*** Opening of MATERIALS PROVIDED ***
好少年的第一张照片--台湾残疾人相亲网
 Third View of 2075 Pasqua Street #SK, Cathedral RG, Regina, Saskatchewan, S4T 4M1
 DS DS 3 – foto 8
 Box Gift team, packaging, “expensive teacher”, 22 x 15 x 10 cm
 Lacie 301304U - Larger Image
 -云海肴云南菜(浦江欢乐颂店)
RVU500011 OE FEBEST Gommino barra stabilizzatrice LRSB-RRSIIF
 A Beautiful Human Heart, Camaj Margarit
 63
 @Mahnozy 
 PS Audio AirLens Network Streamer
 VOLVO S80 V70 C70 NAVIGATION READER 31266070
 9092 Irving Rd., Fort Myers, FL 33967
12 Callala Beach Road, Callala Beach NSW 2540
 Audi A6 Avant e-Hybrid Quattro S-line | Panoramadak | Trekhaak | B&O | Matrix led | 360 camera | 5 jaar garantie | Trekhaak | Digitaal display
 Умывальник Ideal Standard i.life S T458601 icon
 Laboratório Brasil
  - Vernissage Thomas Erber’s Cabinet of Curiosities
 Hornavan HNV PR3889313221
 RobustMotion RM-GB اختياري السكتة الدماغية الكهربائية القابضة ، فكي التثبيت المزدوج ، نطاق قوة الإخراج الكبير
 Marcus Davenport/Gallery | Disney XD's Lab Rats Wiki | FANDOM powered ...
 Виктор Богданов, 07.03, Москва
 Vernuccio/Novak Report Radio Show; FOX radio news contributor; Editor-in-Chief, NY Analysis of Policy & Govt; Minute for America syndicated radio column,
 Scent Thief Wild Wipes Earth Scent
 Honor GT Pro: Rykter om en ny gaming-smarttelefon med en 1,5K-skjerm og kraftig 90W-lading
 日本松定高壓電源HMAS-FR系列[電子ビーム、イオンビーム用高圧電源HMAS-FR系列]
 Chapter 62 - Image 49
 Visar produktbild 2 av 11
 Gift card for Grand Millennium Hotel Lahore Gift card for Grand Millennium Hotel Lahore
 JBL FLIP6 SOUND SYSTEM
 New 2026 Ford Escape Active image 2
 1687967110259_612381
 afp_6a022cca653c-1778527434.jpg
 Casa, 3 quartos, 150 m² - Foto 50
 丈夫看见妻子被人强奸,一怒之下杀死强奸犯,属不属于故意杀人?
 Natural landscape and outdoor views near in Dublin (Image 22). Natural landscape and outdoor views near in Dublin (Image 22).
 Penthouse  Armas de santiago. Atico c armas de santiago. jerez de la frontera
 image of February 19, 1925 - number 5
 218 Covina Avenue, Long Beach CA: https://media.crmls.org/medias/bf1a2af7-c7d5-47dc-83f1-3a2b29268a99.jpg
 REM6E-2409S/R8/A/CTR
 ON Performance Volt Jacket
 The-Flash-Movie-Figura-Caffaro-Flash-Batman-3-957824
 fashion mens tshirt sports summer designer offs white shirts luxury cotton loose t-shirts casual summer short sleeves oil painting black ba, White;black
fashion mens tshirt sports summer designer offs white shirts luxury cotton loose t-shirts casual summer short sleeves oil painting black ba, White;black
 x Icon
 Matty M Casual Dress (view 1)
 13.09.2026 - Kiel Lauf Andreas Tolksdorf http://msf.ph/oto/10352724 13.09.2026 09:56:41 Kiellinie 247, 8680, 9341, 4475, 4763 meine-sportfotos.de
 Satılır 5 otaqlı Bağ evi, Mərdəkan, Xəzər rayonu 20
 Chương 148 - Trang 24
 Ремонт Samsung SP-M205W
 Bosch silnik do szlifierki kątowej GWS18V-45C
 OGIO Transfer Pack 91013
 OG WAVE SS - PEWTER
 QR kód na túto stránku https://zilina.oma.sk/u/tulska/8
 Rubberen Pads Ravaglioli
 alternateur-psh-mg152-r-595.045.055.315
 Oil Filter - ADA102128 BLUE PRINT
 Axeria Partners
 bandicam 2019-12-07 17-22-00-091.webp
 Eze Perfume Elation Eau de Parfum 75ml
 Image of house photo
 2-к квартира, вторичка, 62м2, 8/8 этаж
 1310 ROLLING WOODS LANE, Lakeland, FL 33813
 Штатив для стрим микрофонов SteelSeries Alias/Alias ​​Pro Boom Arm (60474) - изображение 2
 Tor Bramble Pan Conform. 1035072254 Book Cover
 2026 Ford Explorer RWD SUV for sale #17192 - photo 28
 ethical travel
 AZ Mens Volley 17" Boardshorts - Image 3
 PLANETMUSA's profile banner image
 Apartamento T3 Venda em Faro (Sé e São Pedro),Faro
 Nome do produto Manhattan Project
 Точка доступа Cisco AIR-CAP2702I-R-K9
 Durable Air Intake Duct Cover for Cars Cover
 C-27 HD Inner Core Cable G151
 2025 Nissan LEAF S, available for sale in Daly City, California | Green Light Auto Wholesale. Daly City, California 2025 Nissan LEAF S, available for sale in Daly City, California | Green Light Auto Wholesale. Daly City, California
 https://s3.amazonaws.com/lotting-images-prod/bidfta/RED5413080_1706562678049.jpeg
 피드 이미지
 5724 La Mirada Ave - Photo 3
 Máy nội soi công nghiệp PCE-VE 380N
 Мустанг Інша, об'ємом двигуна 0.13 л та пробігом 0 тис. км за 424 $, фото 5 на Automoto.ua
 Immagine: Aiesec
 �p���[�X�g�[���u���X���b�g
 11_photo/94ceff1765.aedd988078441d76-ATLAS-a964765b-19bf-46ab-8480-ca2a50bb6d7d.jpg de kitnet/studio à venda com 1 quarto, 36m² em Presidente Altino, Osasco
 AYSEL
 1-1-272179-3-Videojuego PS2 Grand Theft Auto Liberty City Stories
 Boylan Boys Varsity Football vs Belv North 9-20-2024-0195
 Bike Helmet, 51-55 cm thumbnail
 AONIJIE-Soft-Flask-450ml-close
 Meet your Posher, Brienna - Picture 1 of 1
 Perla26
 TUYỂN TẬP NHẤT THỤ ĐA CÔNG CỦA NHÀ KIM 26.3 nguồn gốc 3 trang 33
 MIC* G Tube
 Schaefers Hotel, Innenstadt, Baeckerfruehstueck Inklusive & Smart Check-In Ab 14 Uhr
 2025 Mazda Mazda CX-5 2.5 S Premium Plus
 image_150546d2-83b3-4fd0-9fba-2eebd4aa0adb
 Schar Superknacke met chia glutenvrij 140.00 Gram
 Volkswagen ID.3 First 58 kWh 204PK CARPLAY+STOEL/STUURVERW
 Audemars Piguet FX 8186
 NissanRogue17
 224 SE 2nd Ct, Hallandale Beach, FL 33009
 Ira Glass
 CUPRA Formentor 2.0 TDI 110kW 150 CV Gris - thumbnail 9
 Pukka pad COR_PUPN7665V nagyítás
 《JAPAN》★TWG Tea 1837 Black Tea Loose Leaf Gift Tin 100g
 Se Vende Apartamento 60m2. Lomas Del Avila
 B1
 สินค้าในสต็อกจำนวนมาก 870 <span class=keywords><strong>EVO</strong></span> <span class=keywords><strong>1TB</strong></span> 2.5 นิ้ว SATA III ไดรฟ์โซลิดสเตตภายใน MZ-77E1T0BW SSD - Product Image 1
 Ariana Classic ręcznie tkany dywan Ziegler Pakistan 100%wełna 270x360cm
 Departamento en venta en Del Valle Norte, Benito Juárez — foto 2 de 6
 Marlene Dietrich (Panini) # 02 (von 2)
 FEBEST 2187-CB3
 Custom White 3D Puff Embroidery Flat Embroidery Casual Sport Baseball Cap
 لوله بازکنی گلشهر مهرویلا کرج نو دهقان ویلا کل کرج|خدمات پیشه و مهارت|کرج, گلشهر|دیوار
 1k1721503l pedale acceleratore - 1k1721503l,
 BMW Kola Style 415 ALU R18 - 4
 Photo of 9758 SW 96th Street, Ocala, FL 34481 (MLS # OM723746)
*** Close of MATERIALS PROVIDED ***
YOUR GOAL -
Please write out, exactly as they appear, only the lines from the one holding "Volkswagen ID.3 First" through the end of the data.

TASK RESULT -
 Volkswagen ID.3 First 58 kWh 204PK CARPLAY+STOEL/STUURVERW
 Audemars Piguet FX 8186
 NissanRogue17
 224 SE 2nd Ct, Hallandale Beach, FL 33009
 Ira Glass
 CUPRA Formentor 2.0 TDI 110kW 150 CV Gris - thumbnail 9
 Pukka pad COR_PUPN7665V nagyítás
 《JAPAN》★TWG Tea 1837 Black Tea Loose Leaf Gift Tin 100g
 Se Vende Apartamento 60m2. Lomas Del Avila
 B1
 สินค้าในสต็อกจำนวนมาก 870 <span class=keywords><strong>EVO</strong></span> <span class=keywords><strong>1TB</strong></span> 2.5 นิ้ว SATA III ไดรฟ์โซลิดสเตตภายใน MZ-77E1T0BW SSD - Product Image 1
 Ariana Classic ręcznie tkany dywan Ziegler Pakistan 100%wełna 270x360cm
 Departamento en venta en Del Valle Norte, Benito Juárez — foto 2 de 6
 Marlene Dietrich (Panini) # 02 (von 2)
 FEBEST 2187-CB3
 Custom White 3D Puff Embroidery Flat Embroidery Casual Sport Baseball Cap
 لوله بازکنی گلشهر مهرویلا کرج نو دهقان ویلا کل کرج|خدمات پیشه و مهارت|کرج, گلشهر|دیوار
 1k1721503l pedale acceleratore - 1k1721503l,
 BMW Kola Style 415 ALU R18 - 4
 Photo of 9758 SW 96th Street, Ocala, FL 34481 (MLS # OM723746)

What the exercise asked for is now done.